RTE: 'determination to make our journalism stronger, fairer and more transparent'
Journalists at Irish public broadcaster RTE are to undergo further training and be issued with new editorial guidelines, after a major legal error that has led to two resignations and a significant out-of-court libel settlement.
RTE said the range of measures aimed to "rebuild trust", including "improved editorial controls", the setting up a new editorial standards board and a revised complaints procedure.
It comes after the broadcaster settled a libel claim brought by a priest who was falsely accused of raping a minor and fathering a child in Kenya 30 years ago.
Father Kevin Reynolds accepted a significant out-of-court settlement over the defamatory claims, made last May in RTE's flagship Prime Time Investigates programme. In a statement issued this week, the broadcaster announced that the programme strand would not be returning.
The Broadcasting Authority of Ireland has completed its investigation into whether the programme breached the broadcasting code and is expected to produce a report shortly. RTE could be fined up to €250,000.
RTE said that Ed Mulhall, the broadcaster's head of news for the past 14 years, had taken retirement. Mulhall, who had worked at RTE since 1979, is the second person to leave the news division in the wake of the editorial slip-up, after current affairs editor Ken O'Shea who is moving to a new role in the organisation.
Director general Noel Curran said in a statement: "The publication of these new structures and guidelines is, we hope, a key step in an important direction.
"The range of measures in these documents represents RTE's determination to make our journalism stronger, fairer and more transparent, and to reiterate our commitment to journalism as a core public service."
"Mistakes will happen in broadcasting and in journalism, no matter what changes are made. Programme makers must be and will be supported in making challenging programming.
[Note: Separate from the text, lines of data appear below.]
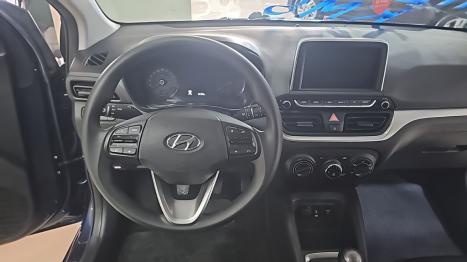 HYUNDAI HB 20 Hatch 1.0 12V 4P FLEX COMFORT PLUS, Foto 17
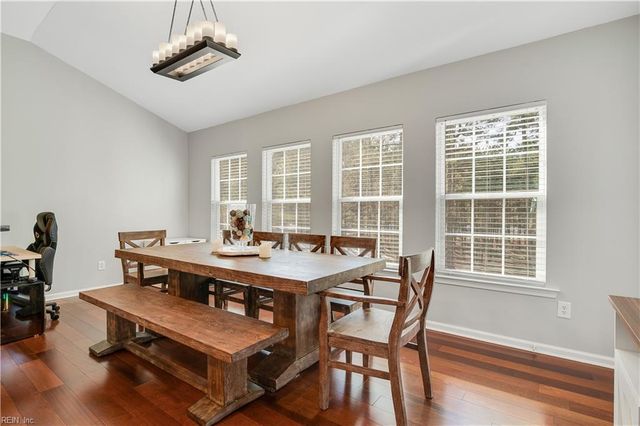 3224 Lytham CT, Toano, VA 23168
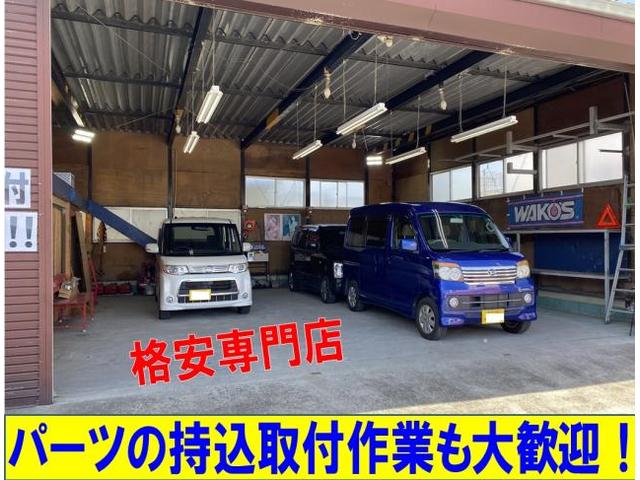 トヨタ　エスティマ　ＡＣＲ５０　持込み　ドライブレコーダー取付　　無料代車完備　持込大歓迎　無料見積り　お気軽にご相談ください！　埼玉県　富士見市　東京都　千葉県　神奈川県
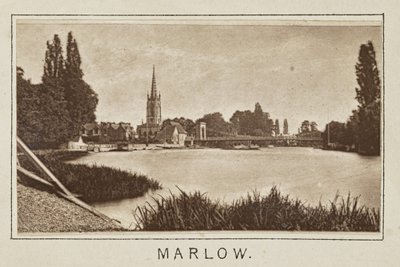 Marlow de Henry W. Taunt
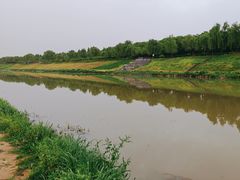 -洨河生态公园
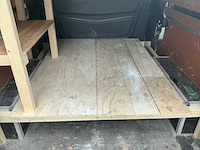 Renault trafic 1.6 dci t29l2h1dccom bedrijfswagen - afbeelding 10 van  37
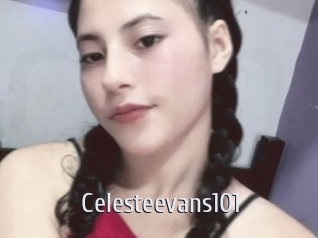 Celesteevans101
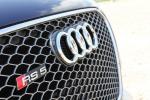 Audi RS5 Cabriolet 2013 года (NA)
It is our intention that through these guidelines and other changes, and through their application by every member of the organisation, we will set the standards bar even higher for ourselves."
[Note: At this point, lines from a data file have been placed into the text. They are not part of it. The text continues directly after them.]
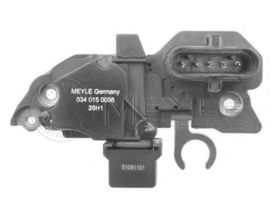 Реле-регулятор генератора Meyle BS321275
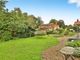 Thumbnail Detached house for sale in Gladstone Road, Fakenham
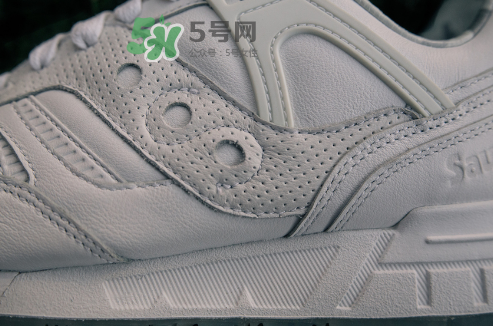 saucony與tblake聯(lián)名涂鴉小白鞋怎么買_在哪買？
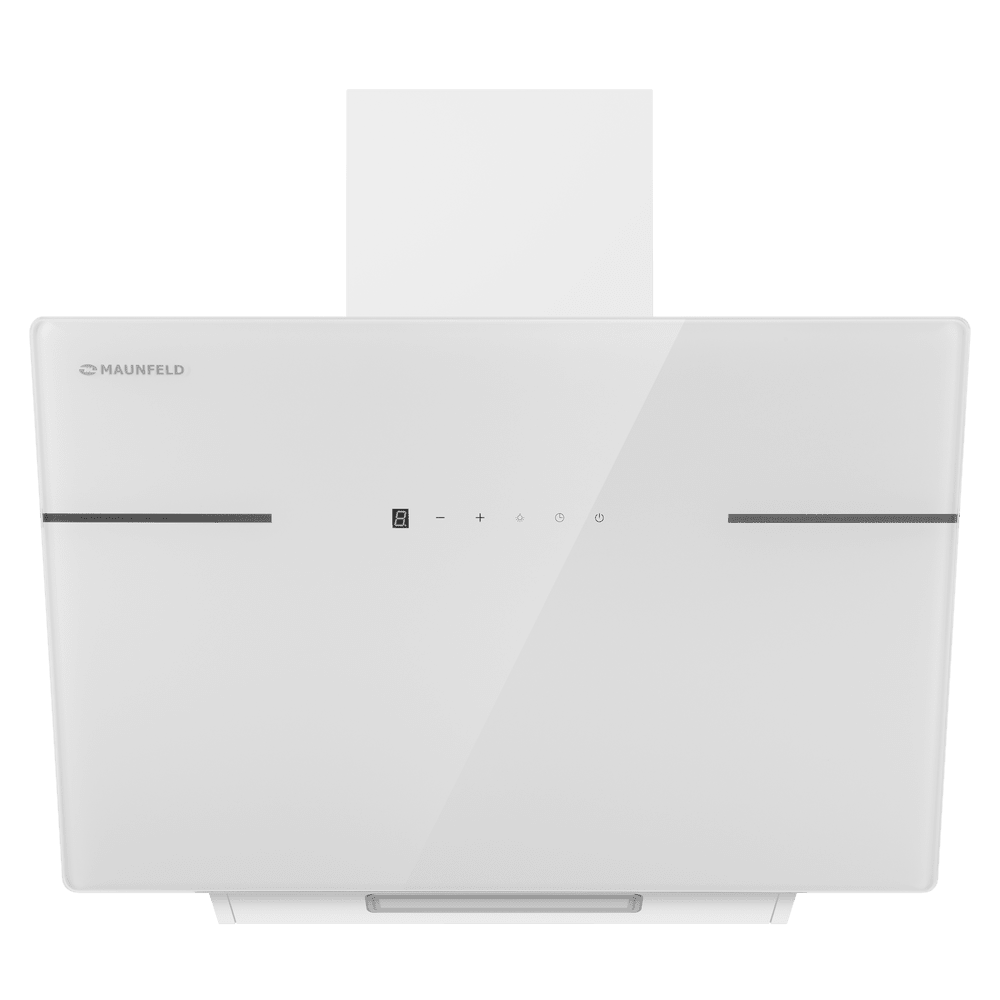 Кухонная вытяжка Maunfeld Astro 60 Glass White
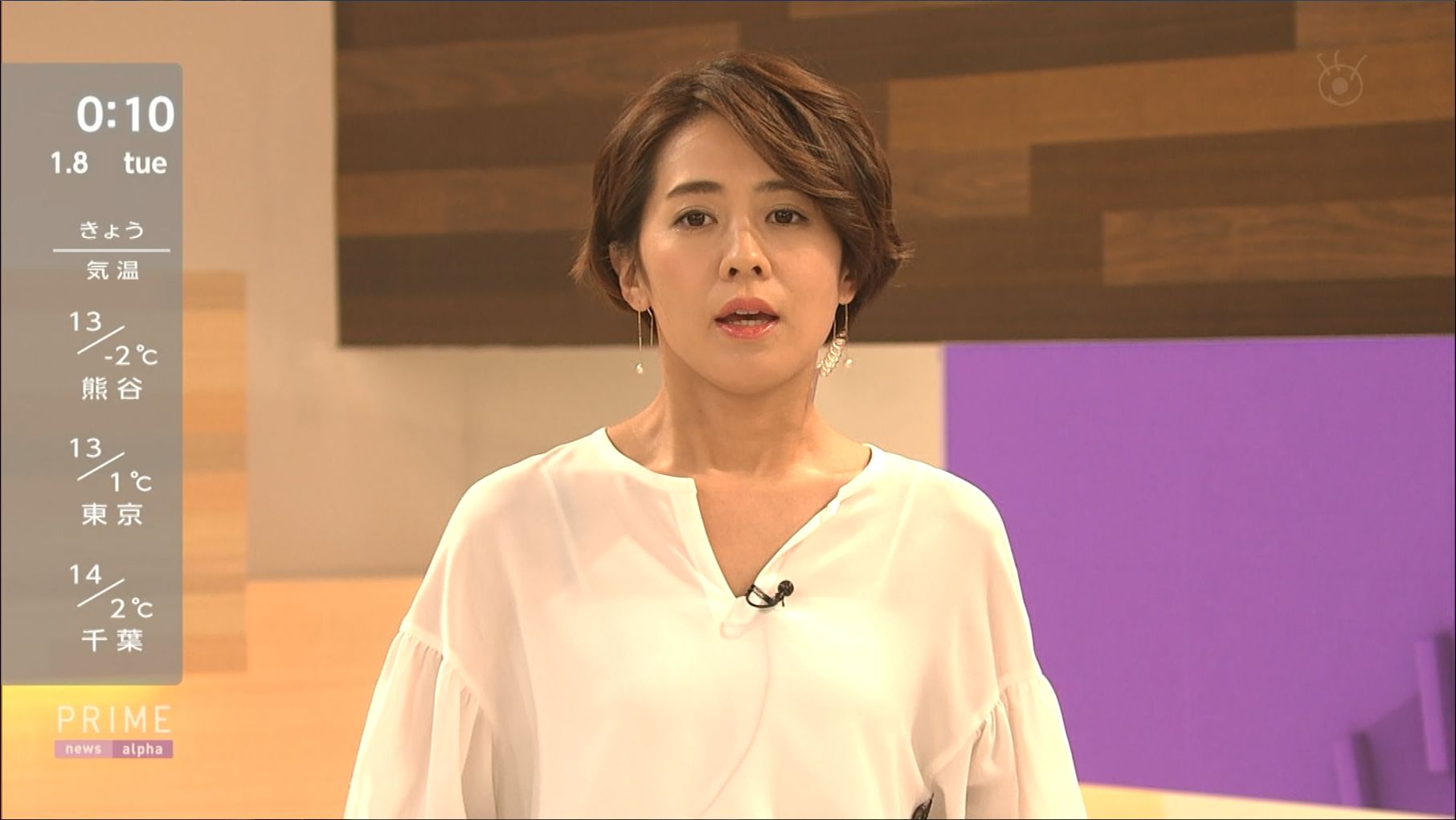 椿原慶子 プライムニュース A 19 01 07 女子アナキャプでも貼っておく 乙hime 椿原慶子 プライムニュース A 19 01 07 女子アナキャプでも貼っておく 乙hime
"Through these new measures and structures and their robust operation, programme makers from the most junior to the highest level will clearly understand and accept their responsibility and role in rebuilding RTE's reputation for very high quality journalism.
"It is only through great programming that we will rebuild whatever trust we have lost with our audiences. We are determined to achieve that."
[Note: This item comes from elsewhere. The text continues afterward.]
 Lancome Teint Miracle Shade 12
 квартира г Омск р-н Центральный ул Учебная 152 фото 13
All RTE editorial staff will be issued with and trained in new journalism guidelines which have been developed over the last three months. A new editorial standards board will oversee standards, and will take a role in a revised complaints procedure.
The broadcaster also announced that it is setting up a new multimedia current affairs investigations unit and the creation of five new TV news and current affairs management positions to oversee investigative journalism output.